--- Dataset content Enclosed Below ---
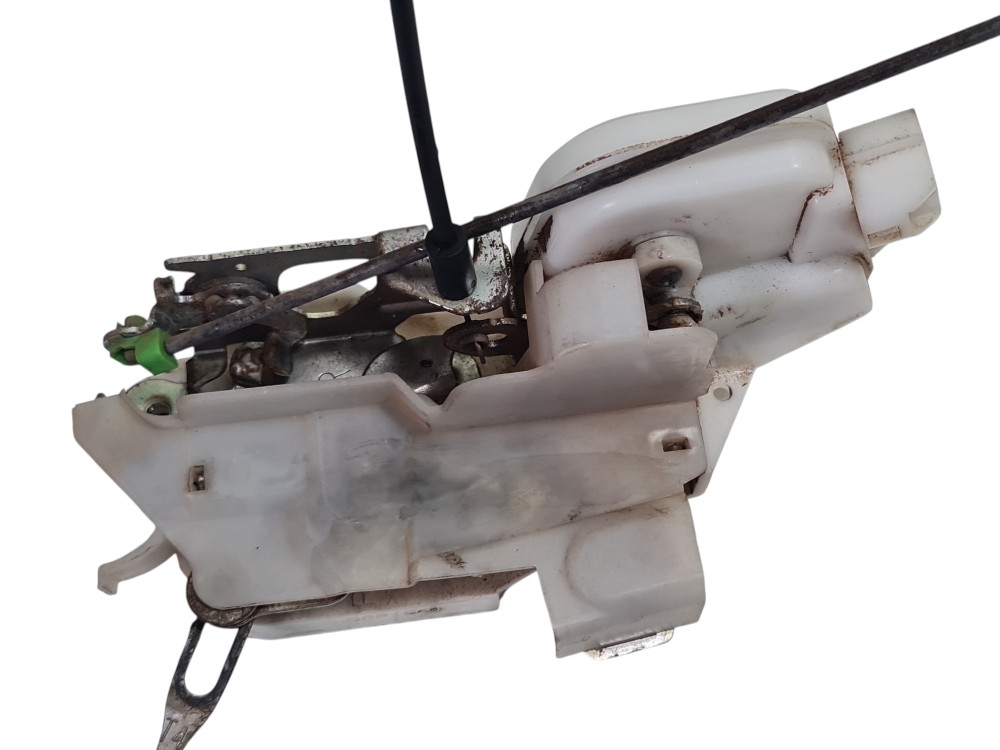 Trava Fechadura Elétrica Porta Dianteira Direita Pajero 2008 2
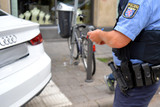 Polizeikontrollen: Zahlreiche Wild-Parker im Wiesbadener Westend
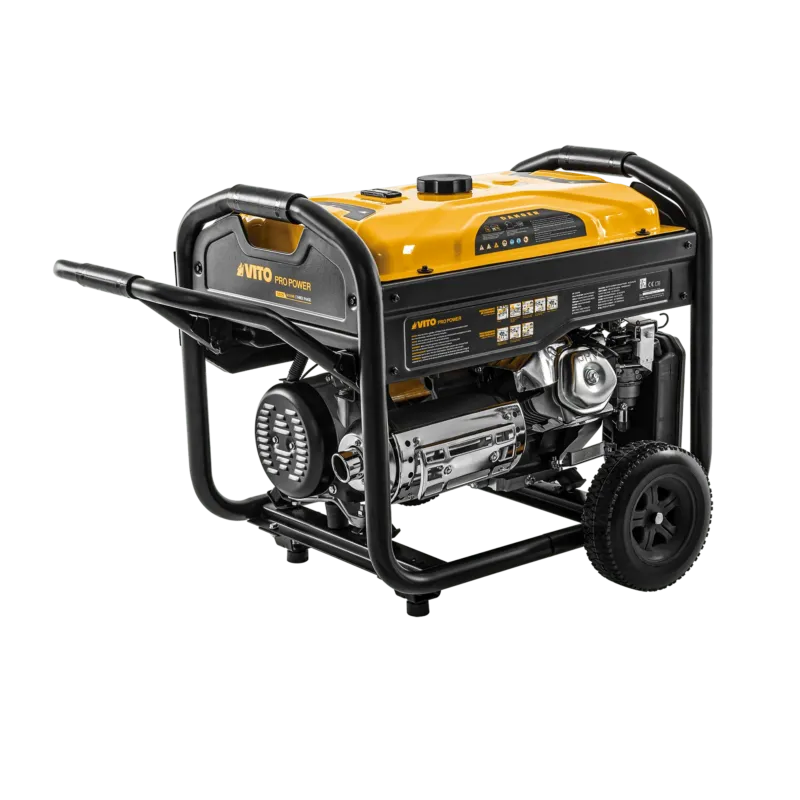 Gerador Trifásico Dual Power VITO 6.5kVA 230V/400V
--- End of Enclosed Dataset content ---
Action item:
The material above should be repeated word for word, with every picture omitted.

The completed task:
 Trava Fechadura Elétrica Porta Dianteira Direita Pajero 2008 2
 Polizeikontrollen: Zahlreiche Wild-Parker im Wiesbadener Westend
 Gerador Trifásico Dual Power VITO 6.5kVA 230V/400V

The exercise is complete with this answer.